• _What is required_:
Only those lines running from the start of the listing below through the line that holds "Pre-owned Saucony Shadow" are to be written out, exactly and in full.

• _Extracted entries_:

******

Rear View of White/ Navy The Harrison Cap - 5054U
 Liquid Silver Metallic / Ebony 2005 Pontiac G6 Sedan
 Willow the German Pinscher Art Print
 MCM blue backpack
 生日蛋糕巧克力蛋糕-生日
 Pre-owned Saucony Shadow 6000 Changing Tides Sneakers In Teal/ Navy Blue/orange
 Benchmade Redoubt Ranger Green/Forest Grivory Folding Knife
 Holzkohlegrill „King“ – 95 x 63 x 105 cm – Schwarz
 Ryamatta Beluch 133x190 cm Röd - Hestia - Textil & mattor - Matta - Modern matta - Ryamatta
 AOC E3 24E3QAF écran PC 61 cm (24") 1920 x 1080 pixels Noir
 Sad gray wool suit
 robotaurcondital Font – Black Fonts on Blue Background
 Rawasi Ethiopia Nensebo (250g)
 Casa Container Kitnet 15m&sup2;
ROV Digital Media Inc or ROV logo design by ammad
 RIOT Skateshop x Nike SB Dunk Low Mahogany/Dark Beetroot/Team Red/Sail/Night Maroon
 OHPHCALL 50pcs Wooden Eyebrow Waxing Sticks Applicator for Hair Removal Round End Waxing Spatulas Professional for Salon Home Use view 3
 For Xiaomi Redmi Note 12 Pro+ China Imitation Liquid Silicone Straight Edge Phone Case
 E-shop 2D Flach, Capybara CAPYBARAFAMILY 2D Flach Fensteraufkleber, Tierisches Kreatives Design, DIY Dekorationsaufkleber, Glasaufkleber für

******

• _Task answer_:
Rear View of White/ Navy The Harrison Cap - 5054U
 Liquid Silver Metallic / Ebony 2005 Pontiac G6 Sedan
 Willow the German Pinscher Art Print
 MCM blue backpack
 生日蛋糕巧克力蛋糕-生日
 Pre-owned Saucony Shadow 6000 Changing Tides Sneakers In Teal/ Navy Blue/orange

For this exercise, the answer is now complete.